-------- MATERIAL PROVIDED

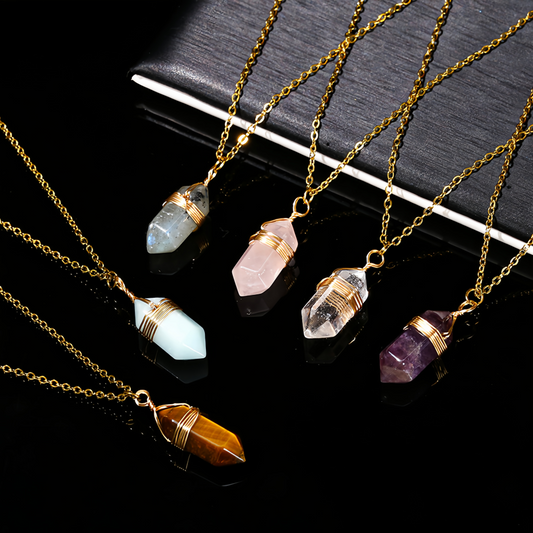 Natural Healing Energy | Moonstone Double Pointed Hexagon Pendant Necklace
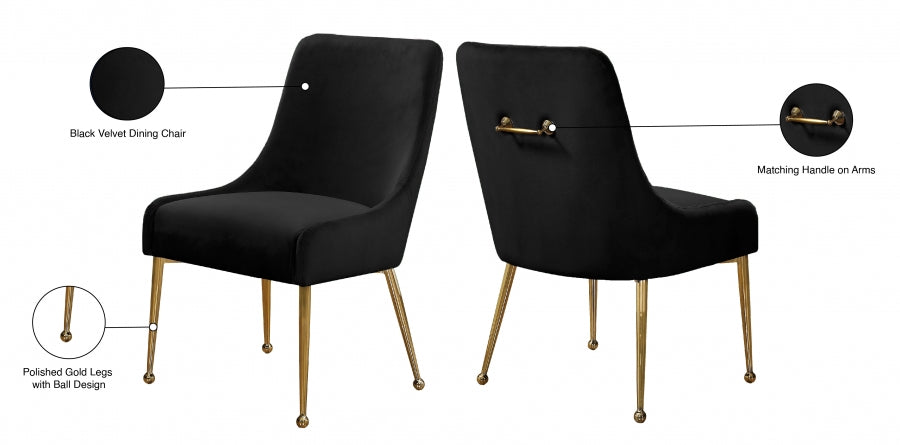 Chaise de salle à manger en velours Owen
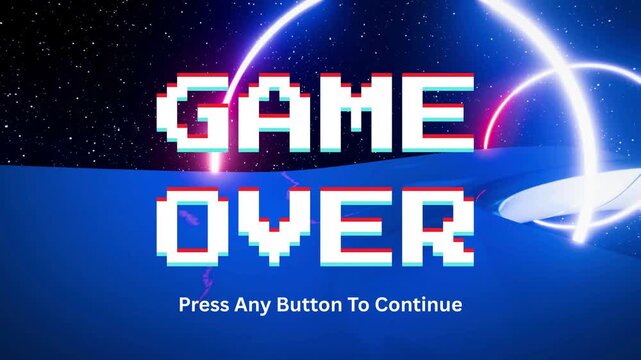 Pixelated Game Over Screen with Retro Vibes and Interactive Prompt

----------------
-------- MATERIAL PROVIDED

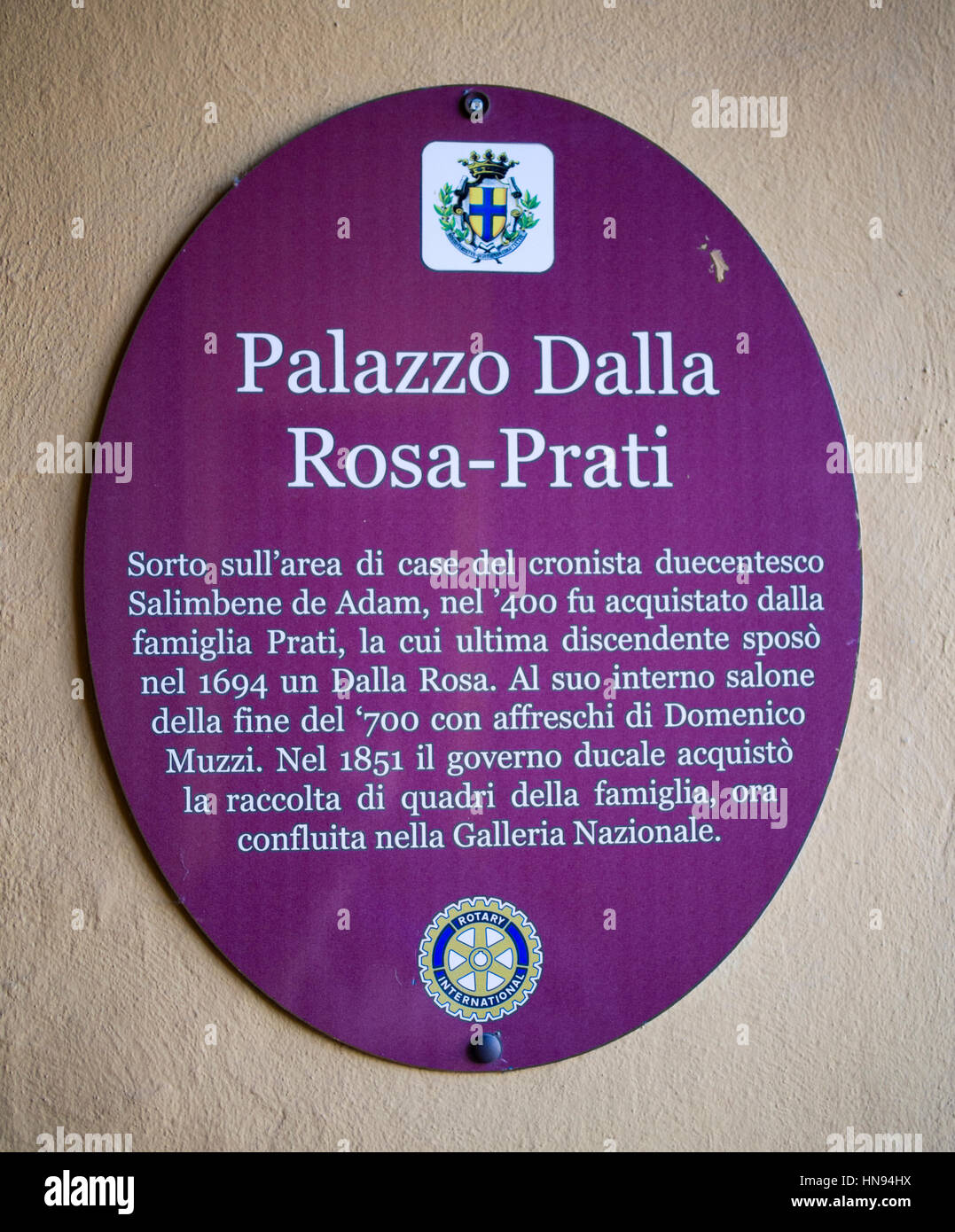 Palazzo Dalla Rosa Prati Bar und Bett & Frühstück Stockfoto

----------------
-------- MATERIAL PROVIDED

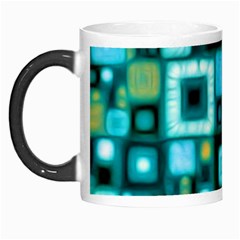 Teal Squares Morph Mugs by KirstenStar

----------------

WORK INSTRUCTIONS: Within the listing above, copy exactly the lines that start at the one with "Natural Healing Energy" and continue through the one with "Pixelated Game Over". Omit pictures.

ANSWER FOR THIS EXERCISE:
 Natural Healing Energy | Moonstone Double Pointed Hexagon Pendant Necklace
 Chaise de salle à manger en velours Owen
 Pixelated Game Over Screen with Retro Vibes and Interactive Prompt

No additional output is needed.